As we work and live each day, not too many of us are focused on the finish line. In fact, the whole idea of finishing up does not have very positive associations. It is associated with loss, and even death. A time when options close and ultimately cease. Something we would rather not think about. It is certainly not usually viewed as a motivating subject.
Most people under 40 are just doing whatever it takes to grow their life – relationships, family, career or business. Sometime during our 40’s we start to become aware that this issue requires a little attention. Maybe it is a health issue. Maybe it is a business or career setback. Maybe it is becoming aware that our parents are slowing down and have changing needs.
How does one measure a life?
Some consider life to be about two halves. Bob Buford wrote an influential book, called Half Time. Until 40, Buford observes that life is about success, about making our mark. After 40 he suggests we are better served to aim for a life of significance.
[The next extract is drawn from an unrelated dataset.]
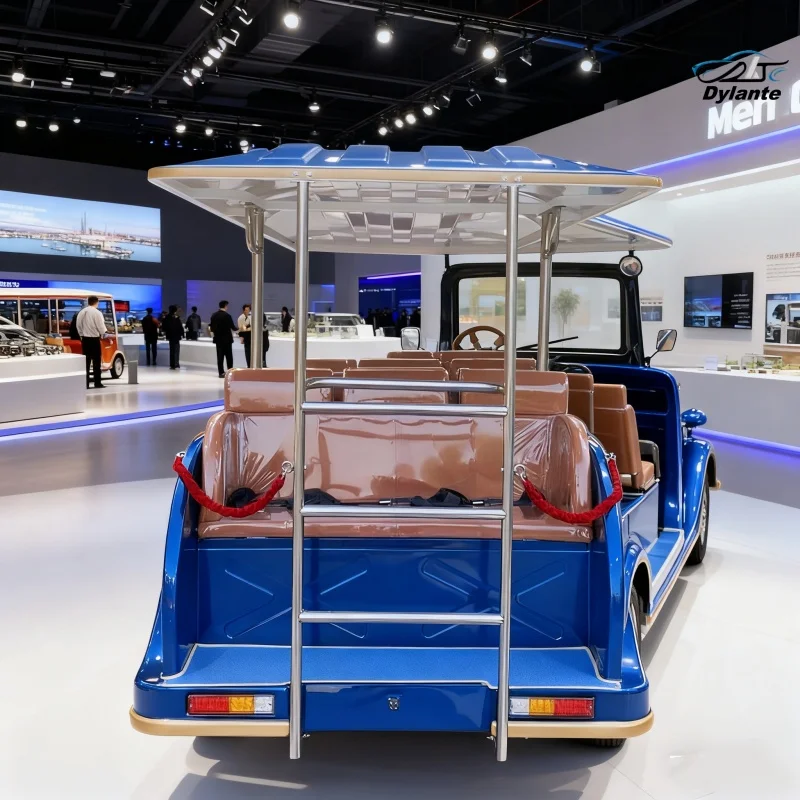 Electric Antique Classic Cart Rental Luxurious Street Legal 72V Lithium Battery 5 8 Seater Electric Vintage Classic Car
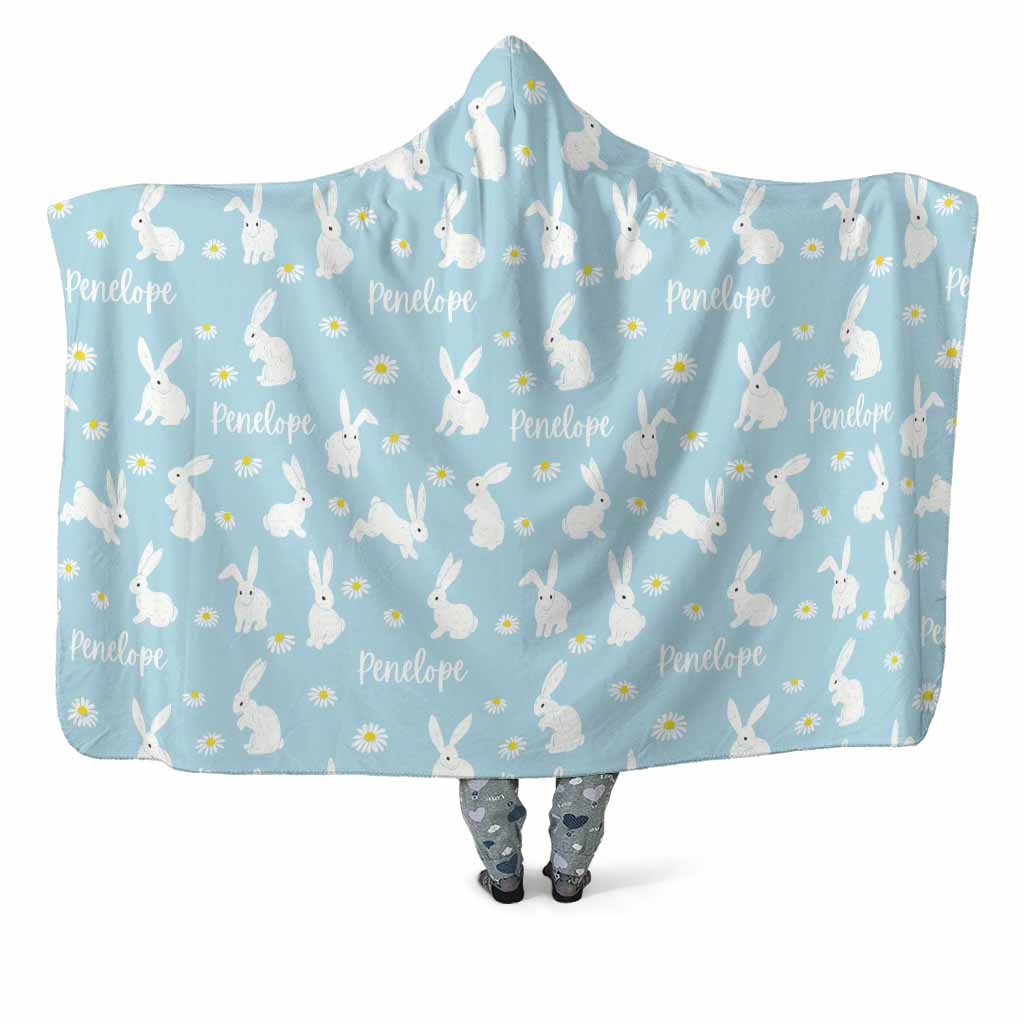 PERSONALISED EASTER HOODED BLANKET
With average life expectancy increasing so dramatically in the past 50 years, Jane Fonda has a TEDx Talk in which she uses a metaphor of life as 3 Acts of a Play. She calls the last segment, from 60 to 90 years, The Third Act. As a very active septuagenarian, she argues that there is huge opportunity for individuals, families and our whole society if we can help more people enjoy their Third Act and finish well.
10 key issues each person must work through to finish well in our fast-paced world:
- How to live so you leave a positive legacy
- How to manage your health effectively
- How you maintain healthy intimate relationships like marriage and friendships for the long haul
- How you rebuild relationships that have become jarred or fractured
- How to have resilience to bounce back from the setbacks and traumas of life
- How to ensure you are ready to navigate transitions ahead of the curve
- How to keep learning and growing so you stay relevant to younger generations
- How to ensure you do not become a grumpy old person
- How to manage your money to make sure you have more than enough
- How to ensure you have a strong sense of purpose and meaning for life beyond the workplace
The truth is the whole of your life is preparation to finish well.
I have learned that anything you ignore or neglect because it is hard, or you don’t know how to do it, is likely to become a much bigger problem over time. I lost a marriage because I avoided confronting some difficult issues. The process would have been painful.
My avoidance led to a season of loneliness, separation and divorce which was ultimately much more painful and it took years for me and others close to me to recover.
In my view, to finish well is more to do with who I am becoming than any achievement in life.
What do you need to confront in your life to make sure you have every chance of becoming the person you want to be, so you can finish well?